The office sector in the UK was the best performing commercial property market in the first quarter of 2012, recording an average return of 0.9 per cent during this period. Industrial real estate delivered 0.8 per cent, while retail provided investors with 0.3 per cent over the three months. In its UK Property Index, Jones Lang LaSalle noted overall commercial property returns were down to 0.7 per cent between January and March, significantly lower than the 1.4 per cent recorded in the final quarter of 2011.
According to the organisation, a reduction in capital values was partly responsible for the lower returns, with income the primary driver of growth for investors. Rents were up by 0.2 per cent for commercial real estate assets over the quarter, with the office sector once again leading the way, experiencing rental growth of 0.9 per cent during this period. However, research conducted by Jones Lang LaSalle into the state of the office market has revealed investors need to be wary of old buildings that cannot keep up with new legislation relating to sustainability.

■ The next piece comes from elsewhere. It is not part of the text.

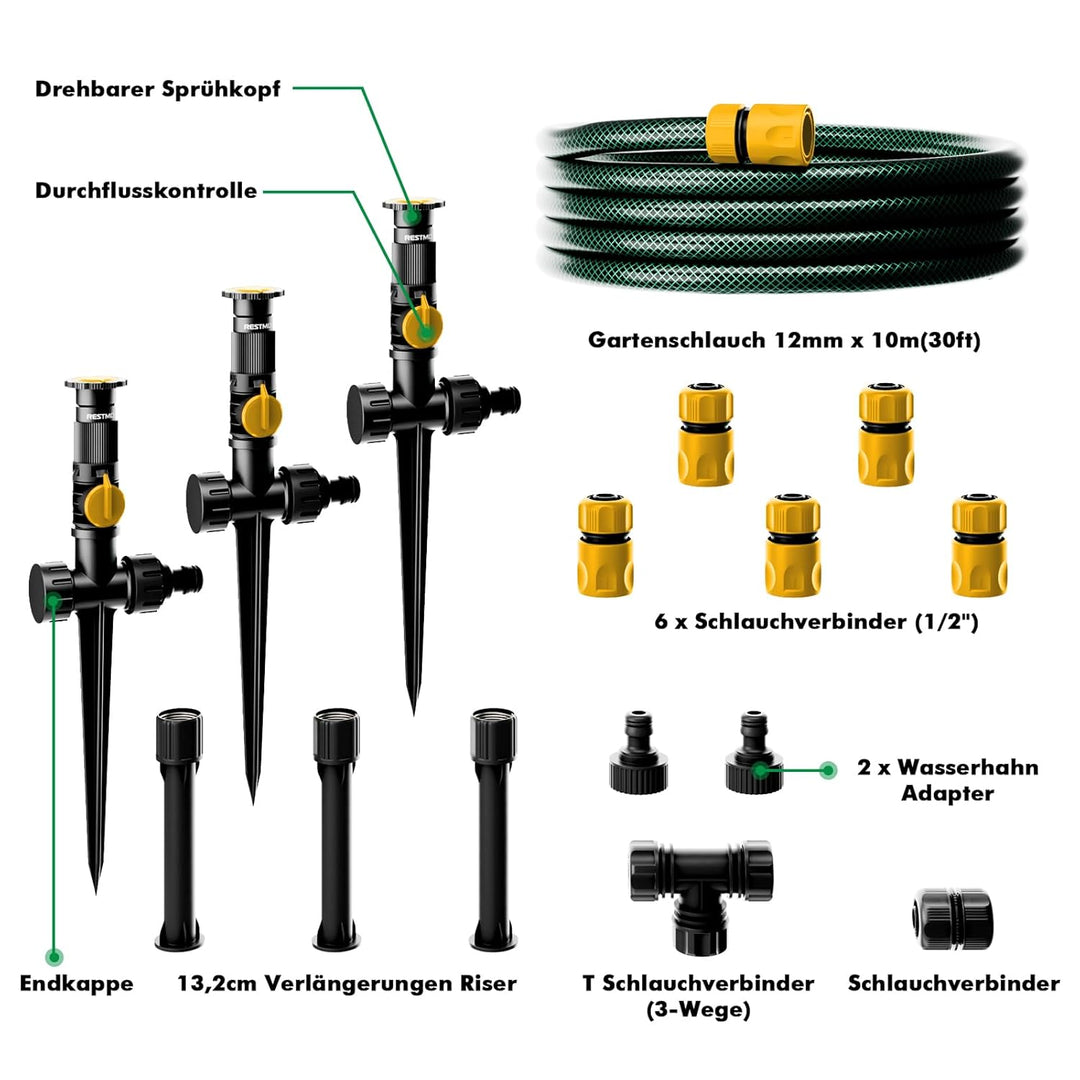 RESTMO Rasensprenger mit Erdspiess zur Gartenbewässerung, Mehrfach einstellbares Rasensprinkler, Fle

Bill Page, head of Europe, the Middle East and Africa offices research, explained a significant proportion of office stock on the continent is more than two decades old. He pointed out 22 per cent of all office buildings in the UK were constructed before the 1960s, which means it is important for potential investors to consider whether refurbishment is necessary and how much this is likely to cost before putting any money into a deal. In some cases, this expense may be included in the pricing of an office complex. Mr Page added the rate at which offices are being replaced is very low, which means a "greater strain is placed on investors and occupiers to future-proof current assets and safeguard rental income, reduce voids and attract companies willing to take space in the building".